- [Requirement]
Beginning with the line that holds "Image 24 of 28: Bedroom", write out each line exactly as it stands until the end of the data, and include no pictures.

- [Dataset excerpts]
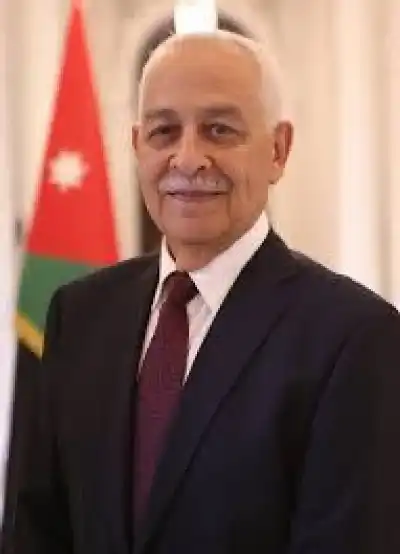 العيسوي ينقل تمنيات الملك وولي العهد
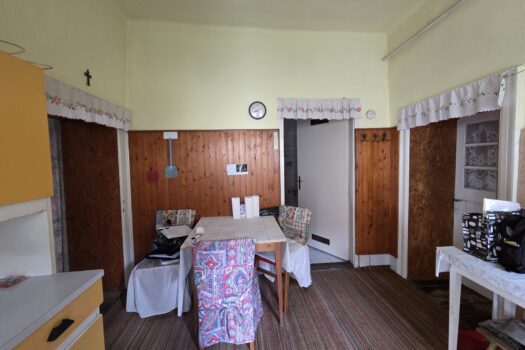 🏡 Tágas telekkel rendelkező családi ház eladó Szerencsen – kivételes lehetőség felújítóknak és otthonteremtőknek!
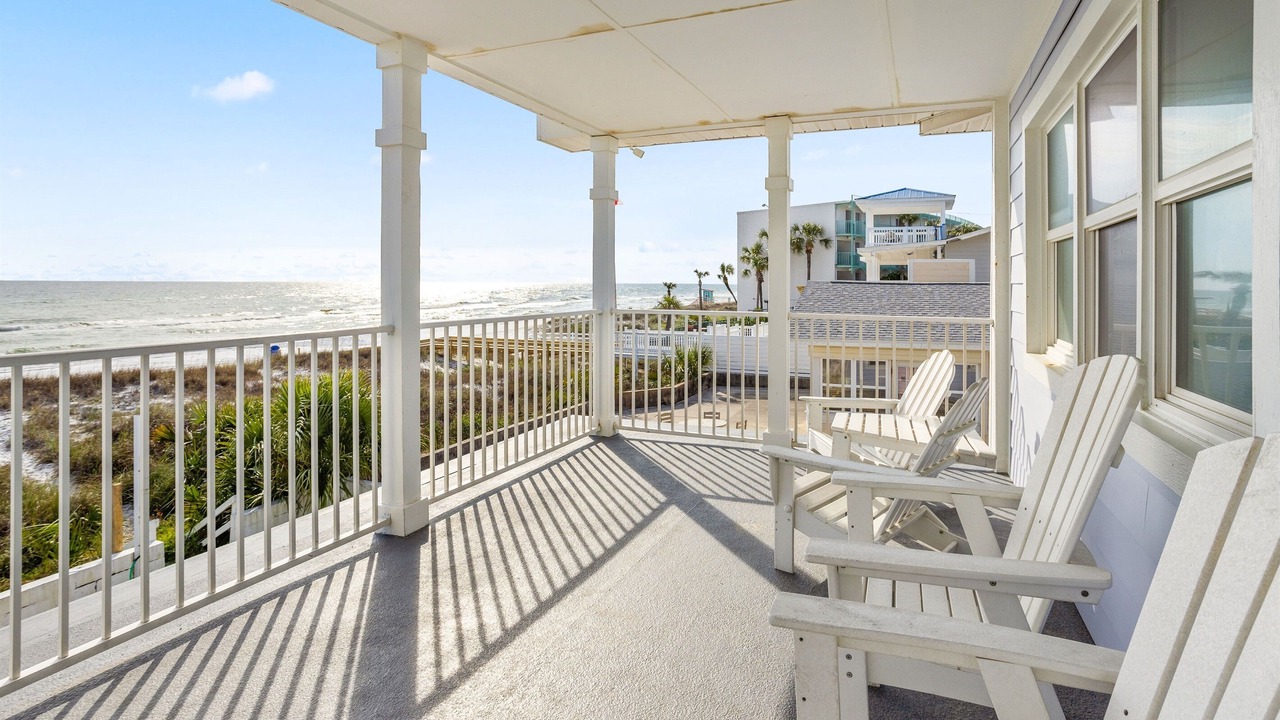 Photo of Patio Balcony in Bahama Beach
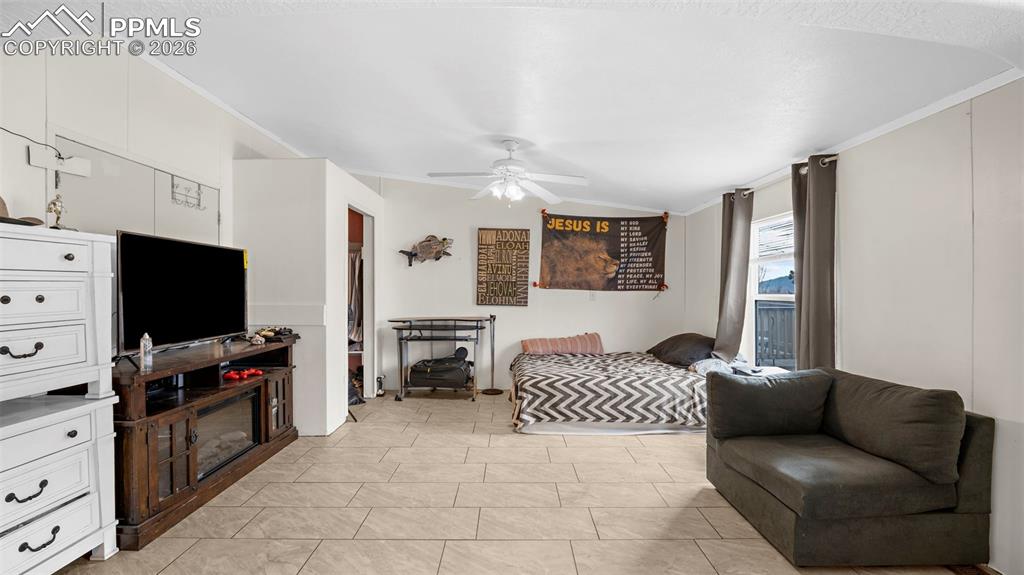 Image 24 of 28: Bedroom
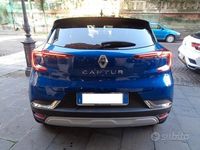 Usata Renault Captur Techno 100 CV (73 kW) 2023 Blu SUV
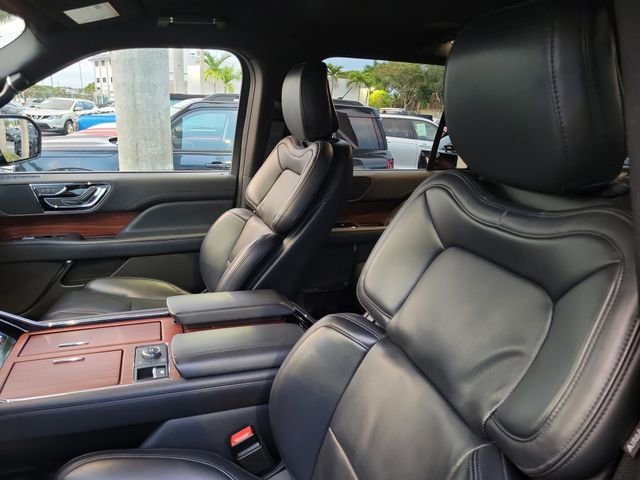 Used 2024 Lincoln Navigator Premiere AWD/4WD image 9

- [Reply]
 Image 24 of 28: Bedroom
 Usata Renault Captur Techno 100 CV (73 kW) 2023 Blu SUV
 Used 2024 Lincoln Navigator Premiere AWD/4WD image 9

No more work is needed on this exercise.